**What you should do:**
Pull every line holding the word "Print" from the data below and copy it.

**The input:**
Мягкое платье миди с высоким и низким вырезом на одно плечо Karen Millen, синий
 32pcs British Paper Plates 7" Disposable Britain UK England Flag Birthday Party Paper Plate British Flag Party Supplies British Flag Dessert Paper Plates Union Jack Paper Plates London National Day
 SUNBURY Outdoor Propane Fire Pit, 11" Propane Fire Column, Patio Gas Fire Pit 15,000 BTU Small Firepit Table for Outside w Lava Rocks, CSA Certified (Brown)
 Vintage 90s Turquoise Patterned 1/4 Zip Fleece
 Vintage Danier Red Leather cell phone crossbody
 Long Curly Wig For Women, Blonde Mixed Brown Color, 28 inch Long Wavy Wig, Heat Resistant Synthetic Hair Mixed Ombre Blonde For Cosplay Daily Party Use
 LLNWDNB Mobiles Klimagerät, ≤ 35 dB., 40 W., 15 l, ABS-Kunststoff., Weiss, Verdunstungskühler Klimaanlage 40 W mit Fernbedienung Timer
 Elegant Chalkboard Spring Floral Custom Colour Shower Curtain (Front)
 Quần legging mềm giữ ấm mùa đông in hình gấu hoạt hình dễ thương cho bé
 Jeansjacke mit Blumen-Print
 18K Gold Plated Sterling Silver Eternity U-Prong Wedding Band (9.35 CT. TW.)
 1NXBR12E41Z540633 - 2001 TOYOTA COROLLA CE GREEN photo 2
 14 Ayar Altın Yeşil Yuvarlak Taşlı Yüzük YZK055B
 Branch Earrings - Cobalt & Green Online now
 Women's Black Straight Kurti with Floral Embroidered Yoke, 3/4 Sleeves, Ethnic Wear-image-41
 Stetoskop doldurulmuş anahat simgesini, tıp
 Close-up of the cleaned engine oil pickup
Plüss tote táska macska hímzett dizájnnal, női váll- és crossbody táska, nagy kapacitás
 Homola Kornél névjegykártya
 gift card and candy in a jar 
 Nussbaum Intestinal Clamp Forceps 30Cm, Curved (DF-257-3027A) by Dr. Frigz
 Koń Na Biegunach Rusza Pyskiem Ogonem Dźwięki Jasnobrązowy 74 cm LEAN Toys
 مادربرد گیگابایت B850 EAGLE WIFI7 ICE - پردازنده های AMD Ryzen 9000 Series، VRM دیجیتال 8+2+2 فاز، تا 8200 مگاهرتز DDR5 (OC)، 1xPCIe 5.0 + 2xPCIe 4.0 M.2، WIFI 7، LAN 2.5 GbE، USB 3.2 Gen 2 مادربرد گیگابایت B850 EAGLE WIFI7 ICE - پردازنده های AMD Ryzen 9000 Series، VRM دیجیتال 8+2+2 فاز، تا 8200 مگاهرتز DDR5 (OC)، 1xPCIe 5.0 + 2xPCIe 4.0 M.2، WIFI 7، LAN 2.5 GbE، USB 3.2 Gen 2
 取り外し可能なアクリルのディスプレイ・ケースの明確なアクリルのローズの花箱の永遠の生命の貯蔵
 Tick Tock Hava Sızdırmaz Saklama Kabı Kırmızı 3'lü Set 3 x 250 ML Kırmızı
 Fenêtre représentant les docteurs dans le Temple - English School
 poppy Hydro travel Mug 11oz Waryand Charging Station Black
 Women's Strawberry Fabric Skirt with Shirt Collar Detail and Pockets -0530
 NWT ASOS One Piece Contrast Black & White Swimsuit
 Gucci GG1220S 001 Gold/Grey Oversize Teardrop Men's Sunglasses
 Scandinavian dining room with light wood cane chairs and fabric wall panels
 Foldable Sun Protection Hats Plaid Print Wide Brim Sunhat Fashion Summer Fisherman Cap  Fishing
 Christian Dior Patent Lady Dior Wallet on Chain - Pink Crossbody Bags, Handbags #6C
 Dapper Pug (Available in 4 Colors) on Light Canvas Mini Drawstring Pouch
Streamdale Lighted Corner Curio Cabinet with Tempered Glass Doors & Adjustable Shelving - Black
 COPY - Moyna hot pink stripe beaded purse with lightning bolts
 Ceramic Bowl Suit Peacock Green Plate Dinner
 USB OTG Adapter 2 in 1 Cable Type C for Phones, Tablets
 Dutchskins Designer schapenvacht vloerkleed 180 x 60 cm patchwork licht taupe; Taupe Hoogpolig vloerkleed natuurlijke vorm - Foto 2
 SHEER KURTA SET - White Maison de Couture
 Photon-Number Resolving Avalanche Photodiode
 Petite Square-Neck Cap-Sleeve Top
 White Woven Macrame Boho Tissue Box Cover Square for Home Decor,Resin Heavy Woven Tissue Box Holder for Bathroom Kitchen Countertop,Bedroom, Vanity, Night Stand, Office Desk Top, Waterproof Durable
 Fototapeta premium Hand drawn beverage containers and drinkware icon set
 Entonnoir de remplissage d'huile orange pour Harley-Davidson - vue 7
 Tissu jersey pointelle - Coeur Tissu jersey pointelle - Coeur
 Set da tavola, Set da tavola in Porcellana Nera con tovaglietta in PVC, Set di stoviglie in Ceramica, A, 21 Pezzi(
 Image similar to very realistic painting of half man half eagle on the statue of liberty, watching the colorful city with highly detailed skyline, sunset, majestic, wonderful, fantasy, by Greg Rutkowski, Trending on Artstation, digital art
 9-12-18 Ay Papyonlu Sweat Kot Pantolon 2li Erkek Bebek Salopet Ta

**Result for this task:**
 Jeansjacke mit Blumen-Print
 Foldable Sun Protection Hats Plaid Print Wide Brim Sunhat Fashion Summer Fisherman Cap  Fishing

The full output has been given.